This entry-level family cruiser has packed in everything for fun sailing
Here is a very interesting 30-footer—its actually 29 feet 6 inches—from Beneteau for its Oceanis series. The design is by Finot-Conq with an interior design from the Nauta Design studio.
This boat exemplifies the current trend to fill the entire hull with accommodations. A few years back you could not dream of an interior layout like this on a 30-foot boat. Granted, the overall look of the 30.1 is a bit boxy, but that’s what you’d expect when the designers are trying to create the biggest box they could in 30 feet. I find it quite good looking in the European contemporary style.
Obviously to get a big box you need beam and the 30.1 has 9-foot 10-inch beam for an L/B of 3. There is no taper to the plan view aft. Max beam is carried to the transom. Again, in order to maximize the box, the transom has no camber. The sheer is a dead straight line, but spring would reduce interior volume. There is a chine aft that provides the interior volume for a big double quarterberth and it adds some stability when immersed.
There is a shoal keel drawing 4 feet 3 inches with a stub keel and 6-foot 2-inch deep keel with a bulbed, short-chord fin. Twin rudders are a big help when you want to reduce draft. Both keels are cast iron. Using the specification’s “light displacement” I get a D/L of 171.
This interior is impressive. Yes it’s tight but it’s all there. The aft double berth is big and has a hanging locker forward of it. The forward cabin takes advantage of the plumb stem and shows a more comfortable than usual double V-berth. There are two hanging lockers in this space. The settees in the main cabin look a bit narrow to my eye. This works when you are sitting up at the dining table but if you want to relax, I think more depth to the settee top is required. The starboard settee is truncated aft to make room for a small nav table. All you need now for nav gear is a laptop. The head is big, but the galley is not big.

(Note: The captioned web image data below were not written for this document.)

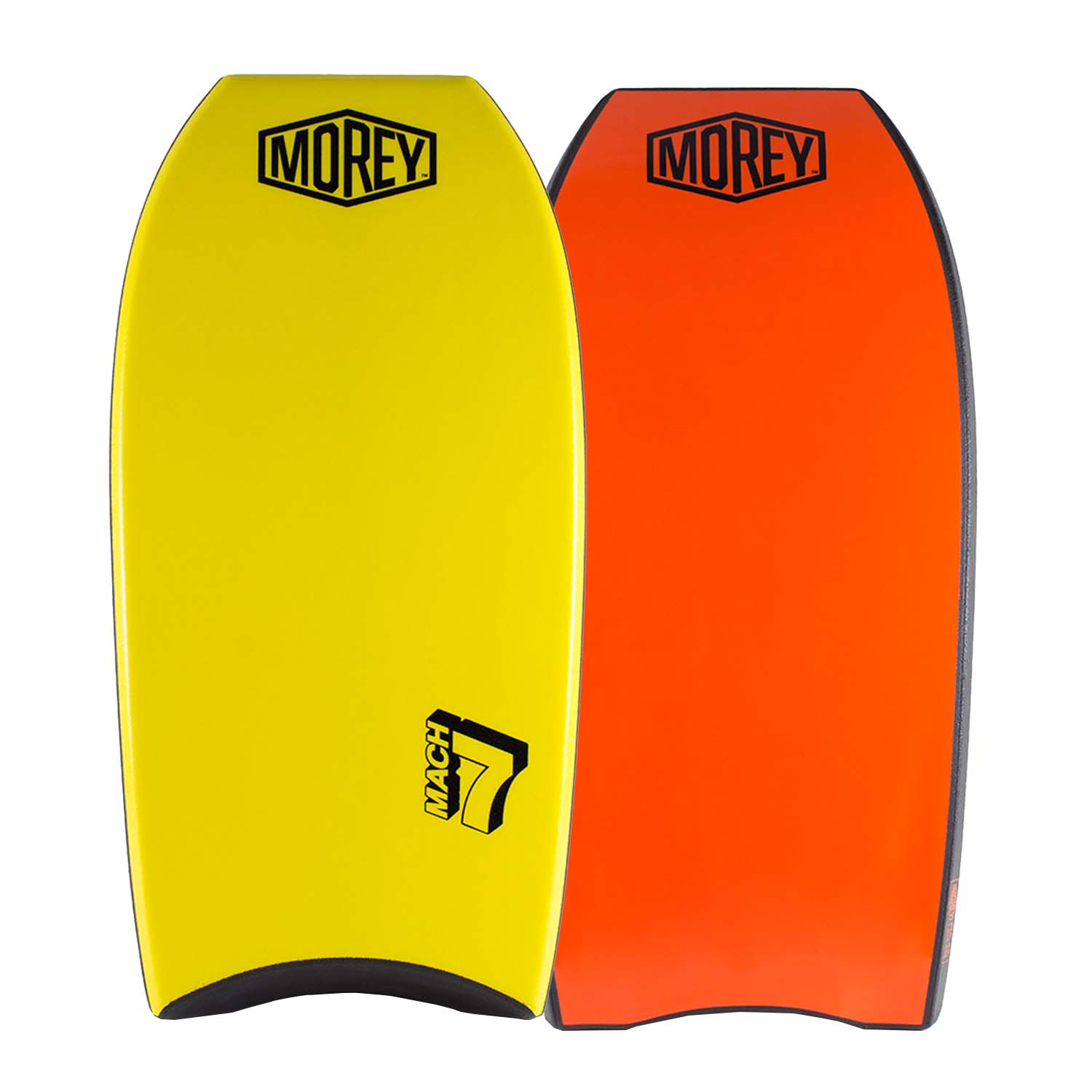 Morey Mach 7 Elite 42 Inch Bodyboard - PE Core. TC8 Deck. HDPE Slick. Single Power Rod Stringer. Crescent Tail. with Channels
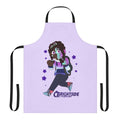 Colorful and whimsical chibi-style apron with Brightside RPG and TTRPG character designs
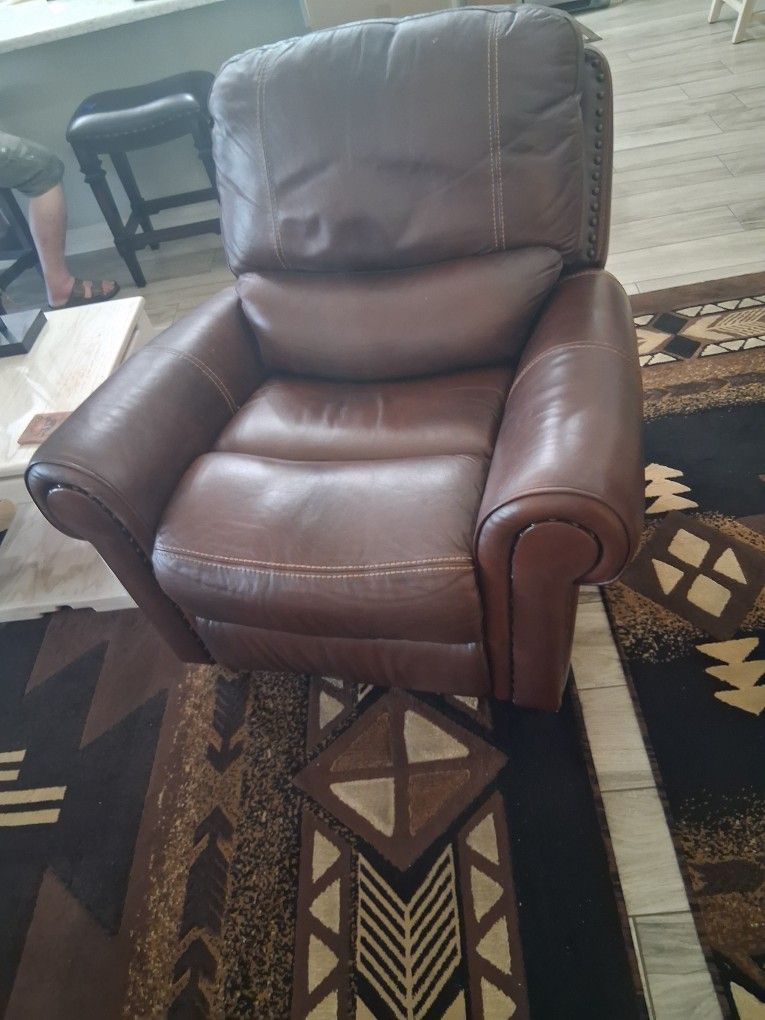 2 Brown Leather Recliners And Love Seat!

But on a 30-footer you would not expect a big galley.
The sailplan uses a square-topped mainsail. This means there is no backstay. Instead, the spreaders are raked by what I measure as 38 degrees. That is a lot. You won’t sail downwind wing-and-wing. Instead you’ll reach and jibe, but that’s the way to get the best VMG anyway. The jib is self-tacking. Using 100% of the square-topped mainsail and the self-tacking jib areas I get a SA/D of 16.28. In addition to the self-tacking track there are deck tracks that would allow you to carry an overlapping headsail that will enhance light-air performance.
The wide stern really shines when it comes to cockpit design. Just think of this area compared to what you would have had on a 1970s IOR half-tonner. There is no comparison. The twin wheels open up the stern for boarding. There is a drop-leaf table for dining. The cockpit seats look long enough for a nap, but are slightly narrow.

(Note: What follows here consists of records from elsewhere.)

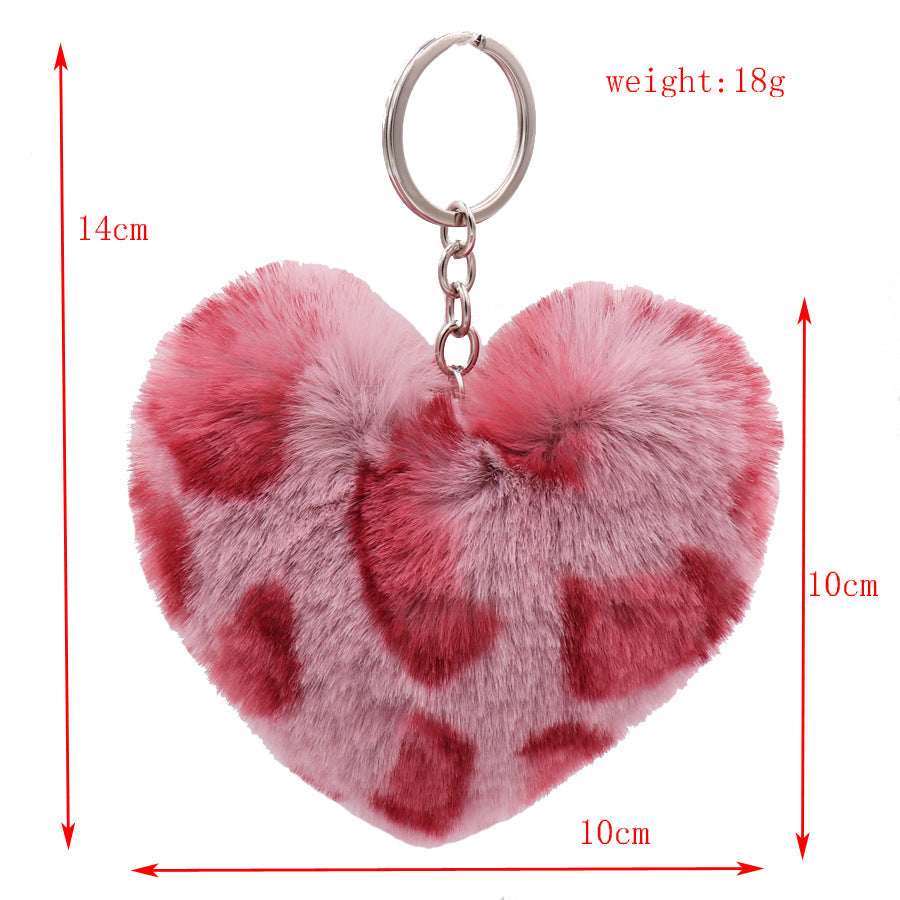 Wholesale Leopard Pattern Love Plush Keychains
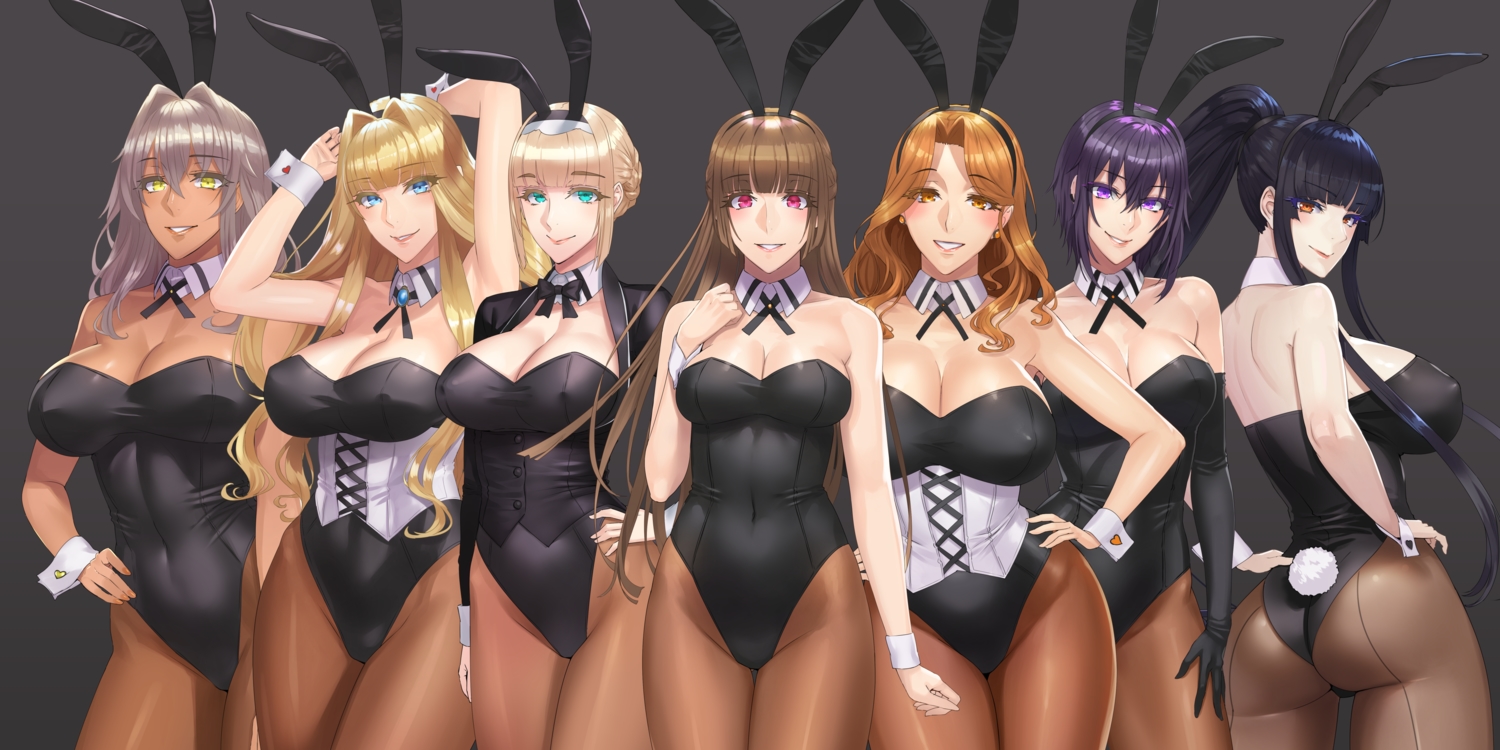 animal_ears, aqua_eyes, ass, black_hair, blonde_hair, breasts, brown_hair, bunny_ears
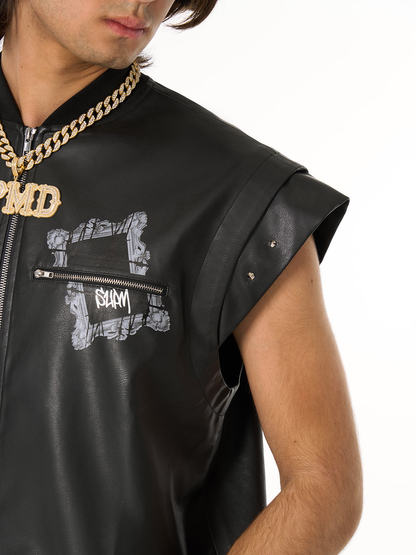 Thorn Destruction Frame Pattern Leather Vest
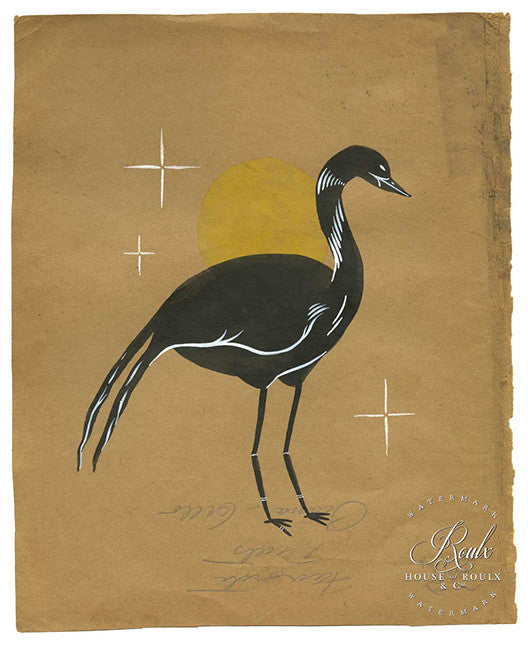 Rich Cali &quot;Bird&quot; - Original Brushed Ink on Vintage Found Paper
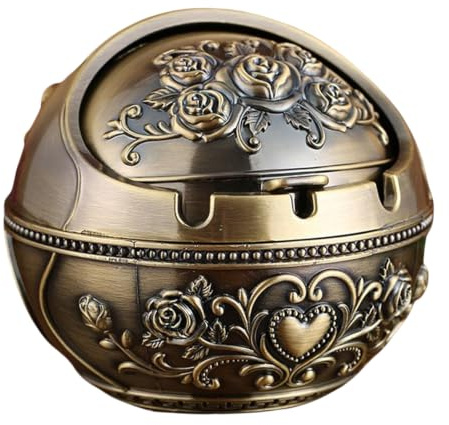Windproof Metal Ashtray with Lid Retro Box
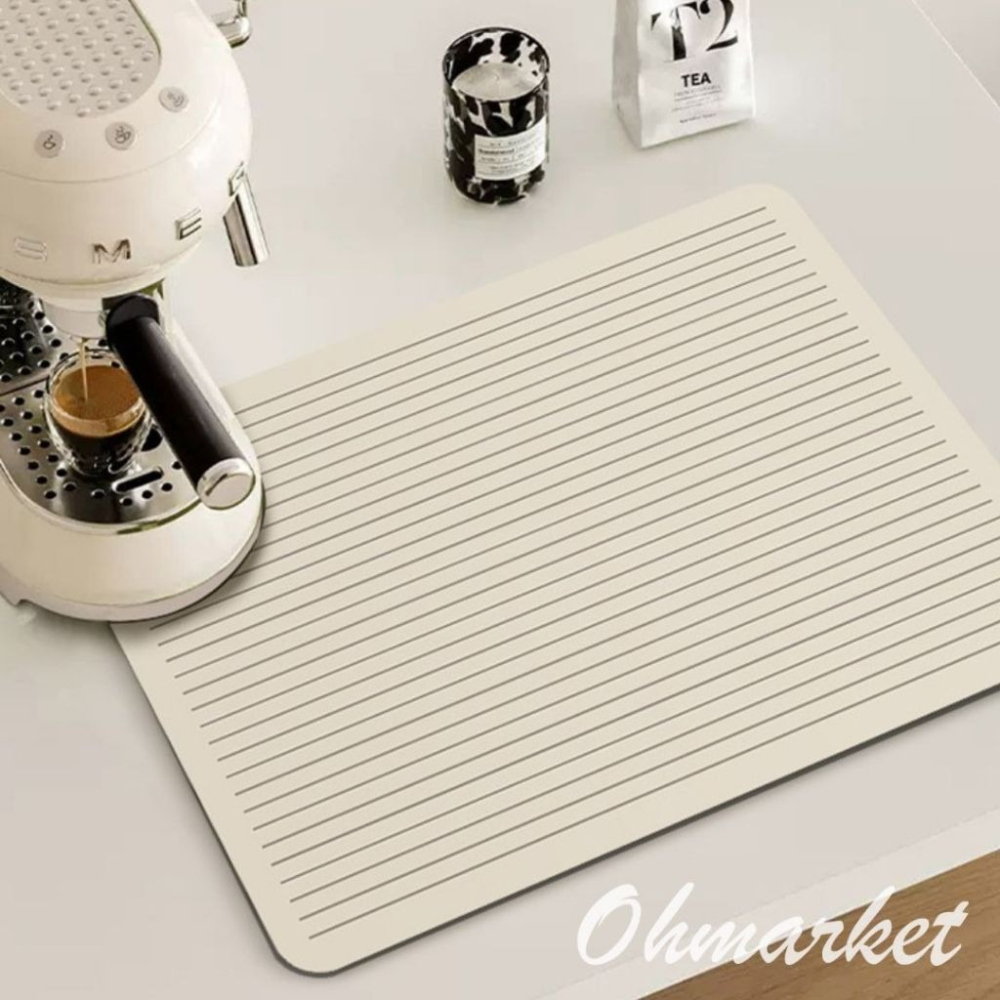 【生活市集】 瀝水餐具墊 奶茶色瀝水餐墊 瀝水架 餐具收納 餐具架 吸水餐墊廚房收納吸水防潮廚房洗手台防潮-細節圖5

All the lines are lead to port where clutches are lined up. There are only three winches on this boat. If you plan on racing, there could be times that your spinnaker handling could use an extra set of winches aft. But I don’t see this boat as a race boat. Side decks are minimal but workable. There is a flush anchor locker forward.
Beneteau has packed a lot into this boat. In the 30-foot class in the “Race for Space” this might be the winner.
LOA 31’3”; LWL 28’5”; Beam 9’10”; Draft deep 6’2”, shallow 4’3”, lifting-keel 3’1” to 7’8”; Displ. 8,805 lb.; Ballast deep 2,144 lb., shoal 2,535, lifting 2,865; D/L 171; L/B 3; SA/D 16.28; Fuel 34 gal.; Water 42 gal.; Auxiliary 15-hp standard, 21-hp optional.